--- Instructions for the task ---
Beginning at the line that contains "Mensole arazzo Cameron", repeat each line exactly through the last one of the records below, and leave out the pictures.

--- Captioned web image data ---
= Beginning of Section =
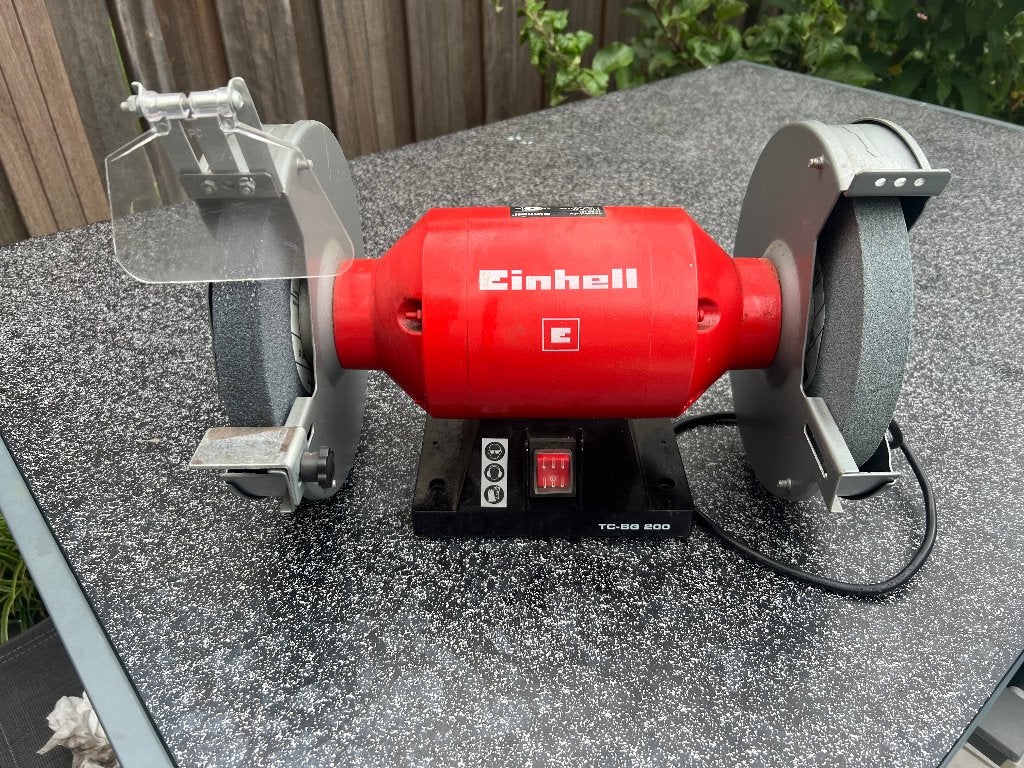 EINHELL TC-BG 200 BANKSLIJPER, Ophalen, Zo goed als nieuw, Minder dan 700 watt, Werkbankslijpmachine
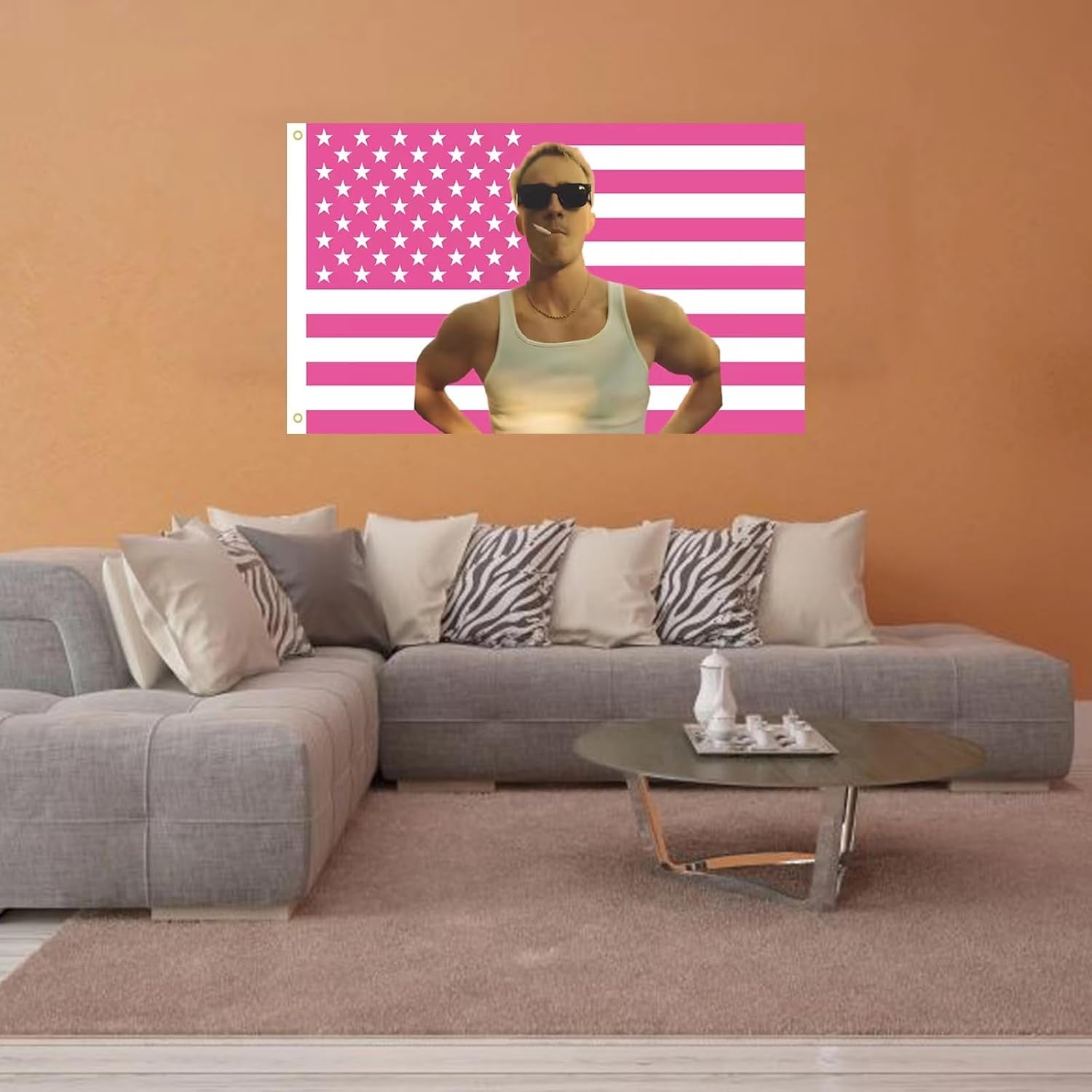 Mensole arazzo Cameron Bandiera americana interno esterno Casa - Accessori e Decorazioni Naty Shop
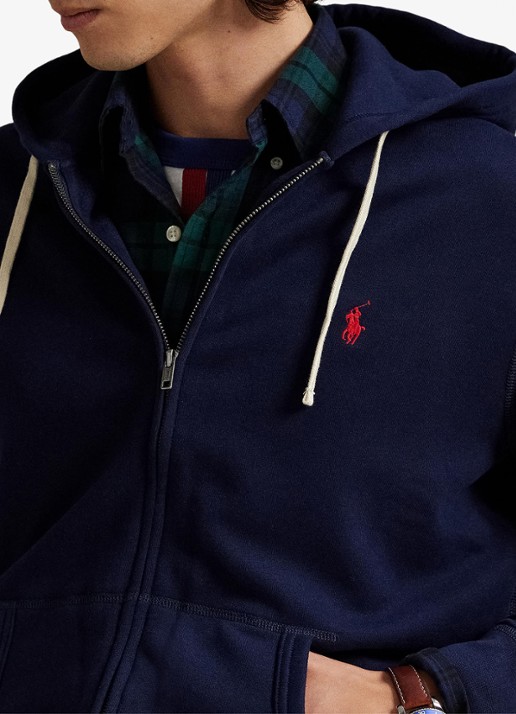 Ralph Lauren Sweatvest met logoborduring - detail 7 cruise navy / donkerblauw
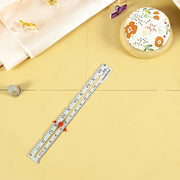 handmade ruler metal edge measuring sewing tool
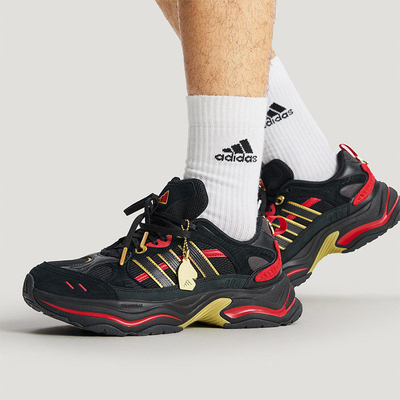 Adidas/Adidas正品春季款男女减震低帮系带耐磨跑步鞋KI1845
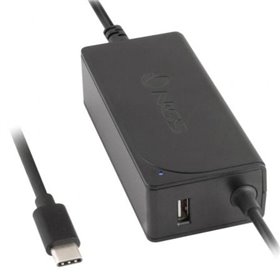 Cargador de Portátil NGS W-65W TYPE C/ 65W/ Automático/ Voltaje 12-20V/ 1 USB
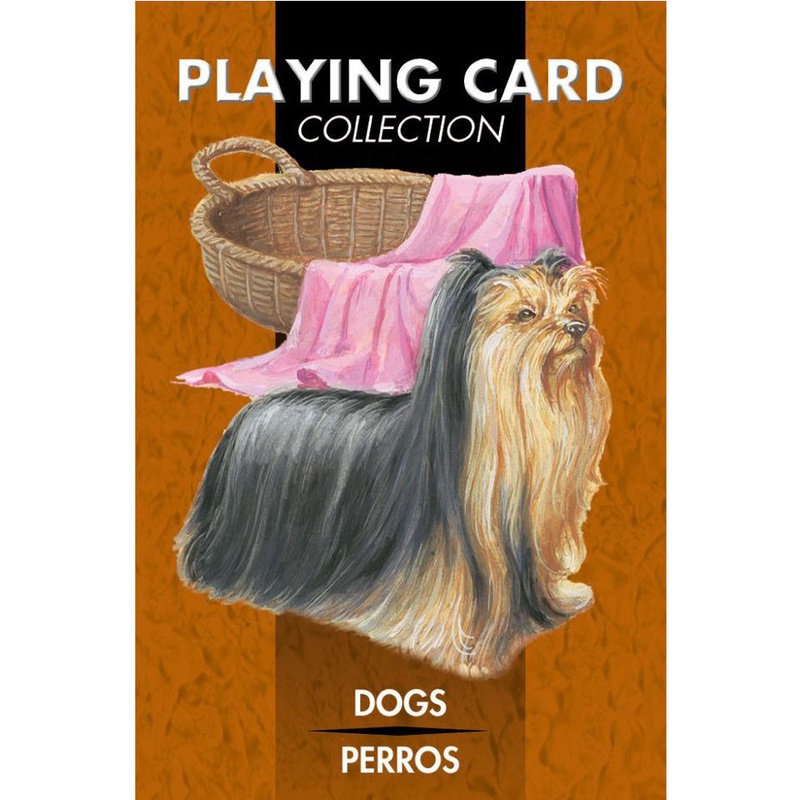 B166【佛化人生】 狗狗 聖甲蟲插圖撲克牌 Playing Card Dogs Perros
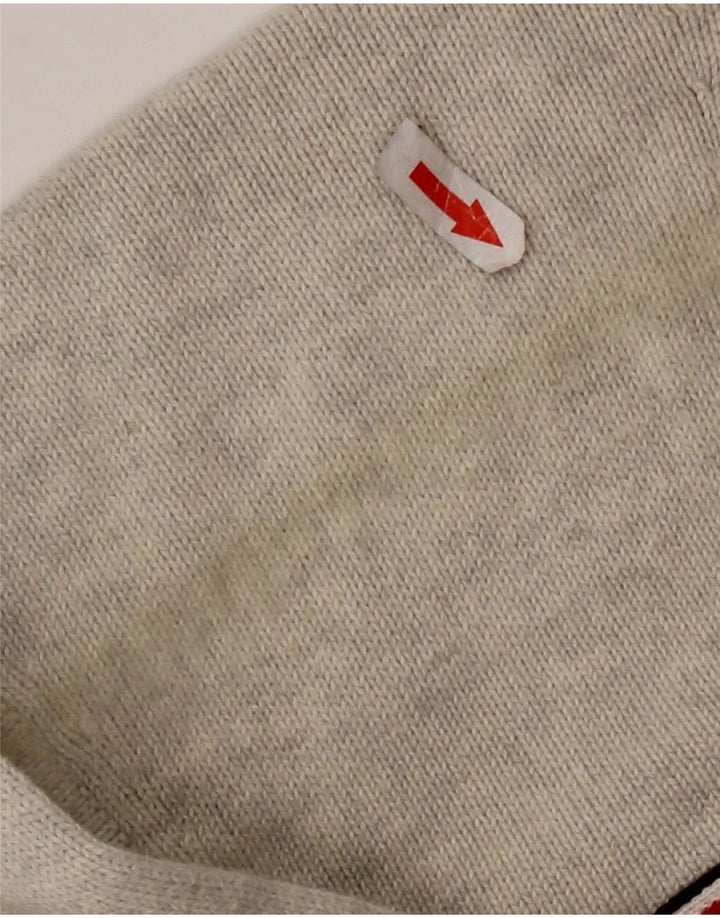 TOMMY HILFIGER Cardigan Pull Homme Petit Gris Coton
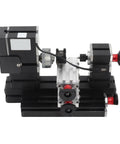 Eryue 60w Mini Metal Lathe With 12000Rpm Motor For Precision Machining Soft Metals And Wood, compact benchtop design.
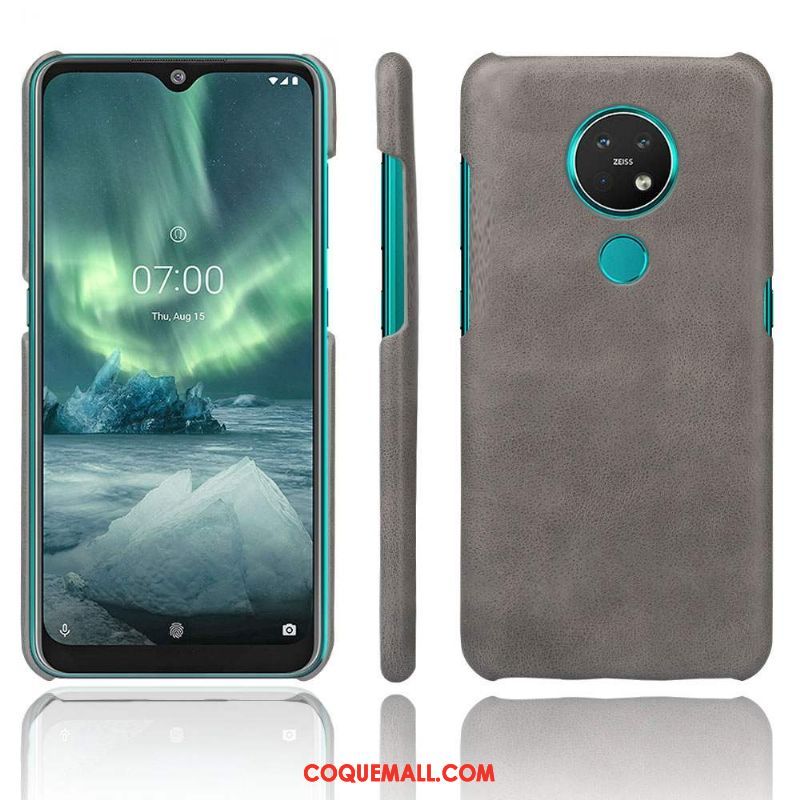 Étui Nokia 7.2 Protection Téléphone Portable Qualité, Coque Nokia 7.2 Foncé Incassable Braun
= End of Section =
--- Finished task ---
 Mensole arazzo Cameron Bandiera americana interno esterno Casa - Accessori e Decorazioni Naty Shop
 Ralph Lauren Sweatvest met logoborduring - detail 7 cruise navy / donkerblauw
 handmade ruler metal edge measuring sewing tool
 Adidas/Adidas正品春季款男女减震低帮系带耐磨跑步鞋KI1845
 Cargador de Portátil NGS W-65W TYPE C/ 65W/ Automático/ Voltaje 12-20V/ 1 USB
 B166【佛化人生】 狗狗 聖甲蟲插圖撲克牌 Playing Card Dogs Perros
 TOMMY HILFIGER Cardigan Pull Homme Petit Gris Coton
 Eryue 60w Mini Metal Lathe With 12000Rpm Motor For Precision Machining Soft Metals And Wood, compact benchtop design.
 Étui Nokia 7.2 Protection Téléphone Portable Qualité, Coque Nokia 7.2 Foncé Incassable Braun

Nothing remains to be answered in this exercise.